Over the weekend, we lost my great-aunt Jill – she was in her 80s, and thankfully suffered only a brief illness.
Death is always a time for reflection – and this time is no different. But I'd like to really take a moment to reflect back on her life, as she and her husband Bill influenced me in ways that only death gives us clarity on.
My uncle Bill was related to me on my mother's side. He was my grandfathers younger brother, born into a mining community in Stoke-on-Trent in the 20s. My grandfather is one of the smartest (and most stubborn) men I know, but Bill was academically brilliant, and was offered the opportunity to study at Oxford – almost unheard of for someone from the lower classes at that time. This study he achieved with some financial support from my grandfather.
There Bill met Jill, and they fell in love. But Jill was a spirited woman, and when he asked her to marry him, she turned him down, as she desperately wanted to do voluntary work overseas, and wasn't ready to settle down.
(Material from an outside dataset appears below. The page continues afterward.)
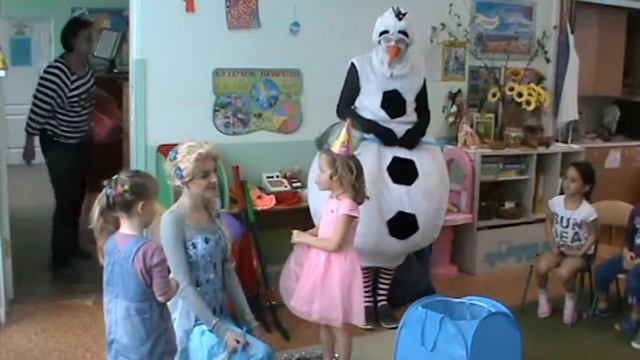 Холодное Сердце (Часть-1)7.04.2017 День Рождение Виктории ! смотреть онлайн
She travelled to Africa, which she fell in love with, and did all sorts of educational work with the local tribe, becoming an “honorary chieftan” I'm told.
Bill meanwhile turned to teaching – and taught my father across town. When Jill returned from Africa, they ended up picking up from where they left off, becoming married. Their house was a fascinating place filled with relics from Africa such as tribal masks and a wooden case she'd used in her travels which she gifted to my parents.
They were regulars for our Christmases, which we'd spend at my grandparents. With them both being teachers, they'd arrive punctually at 11am on Christmas Day, and they were so entertaining. We never got toys, only books – typical teachers! I remember Bill being able to be quite funny and yet coerce us into doing things – asking one Christmas if we could find the “stealth function” our Starbird electronic (and noisy) spaceship toy. Such a comment could have irritated, but I remember finding it was funny, and played along. It's no wonder he became a headmaster.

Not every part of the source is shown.